ALCKMIN : PONTOS FRACOS
Alckmin não tem a ousadia, que é mais do que a coragem. Ter ousadia é saber aproveitar as deixas, subir montanhas, mesmo quando elas parecem insuperáveis. Sua fala não tem a contundência que o Brasil carece, nesse momento. Dilui-se na maré das expressões mais fortes que se ouvem por todo o território. É um paulista que não conhece muito bem o Brasil. Quando viaja pelos Estados, causa boa impressão, pela gentileza, capacidade de ouvir, pela maneira com que agrada o interlocutor, mesmo que não diga grandes coisas. Tem sido assim seu périplo de poucas viagens pelo país. E isso é o que chega aos nossos ouvidos de analistas e consultores políticos. Não se cerca de grandes assessores. Parece gostar de uma assessoria mais secundária, mais improvisada, menos profissional, mais jovem, menos politizada. Ultimamente, para aparecer, colocou um pouco de veneno nas falas. Mas não se ouve dele uma idéia forte sobre o Brasil. Geraldo Alckmin é um gerente muito bom e deixa transparecer o perfil de bom pai de família. Chega-se, até, a ouvir : Alckmin é o sogro que os jovens brasileiros gostariam de ter.
PTSUNAMI À VISTA ?
Esse envio de R$ 1 milhão, em dinheiro, para a Coteminas, empresa têxtil, pertencente ao vice-presidente da República, poderá ser mais uma grande dor de cabeça para o PT. A Coteminas reconhece ter recebido o dinheiro. O PT não reconhece o envio da quantia, apesar de reconhecer o débito de R$ 11 milhões à empresa. Se Delúbio Soares, irritado, abrisse a boca, o PT e Lula seriam tragados pela primeira ventania do ptsunami. Delúbio, porém, luta para evitar um dilúvio.
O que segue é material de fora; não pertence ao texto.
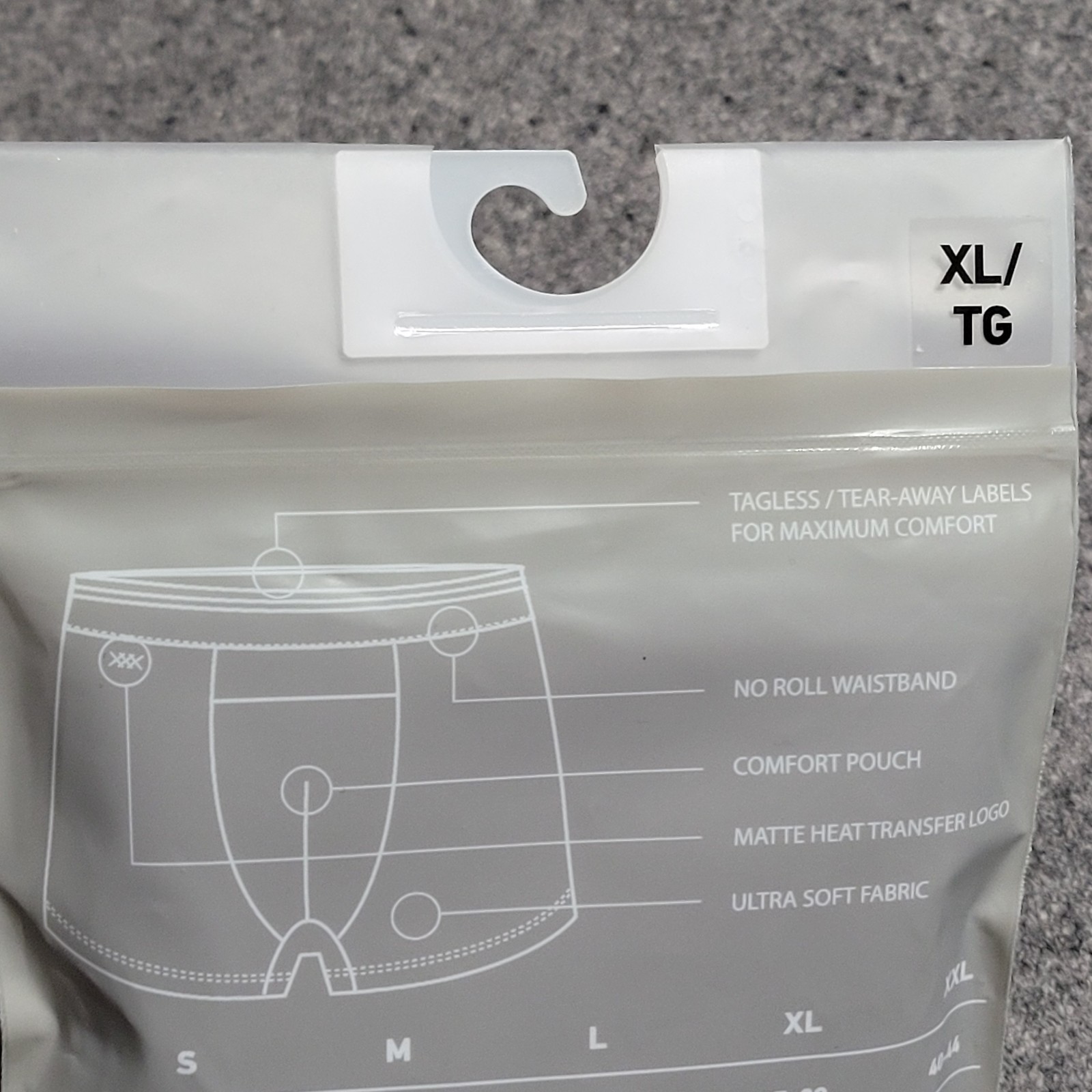 Rhone Essentials Boxer Briefs Mens Extra Large Gray 5" Trunks Underwear Stretch thumbnail 5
Aviso aos navegantes : se a verticalização não cair, a campanha será uma. Se cair, será outra. Por exemplo : se continuar o mesmo sistema da última campanha, pelo qual as alianças nos Estados obedecerão ao esquema de alianças feito no plano federal, o PMDB não terá candidato próprio. Será quase impossível sustentar uma candidatura própria com o engessamento de alianças. Garotinho já pode começar a tirar o seu cavalo da chuva. O PMDB quer derrubar a verticalização. O esforço do presidente do partido, Michel Temer, é hercúleo. Mas os interesses partidários são muito divergentes.
JOBIM DÁ ADEUS AO SONHO
Se Nelson Jobim, presidente do STF, tinha o sonho de vir a ser o candidato de consenso do PMDB à presidência da República, também pode começar a expulsar a idéia do seu sistema cognitivo. Não por conta da manutenção eventual da verticalização. Mas por conta da postura politizada, e muito criticada, à frente da mais alta Corte do país.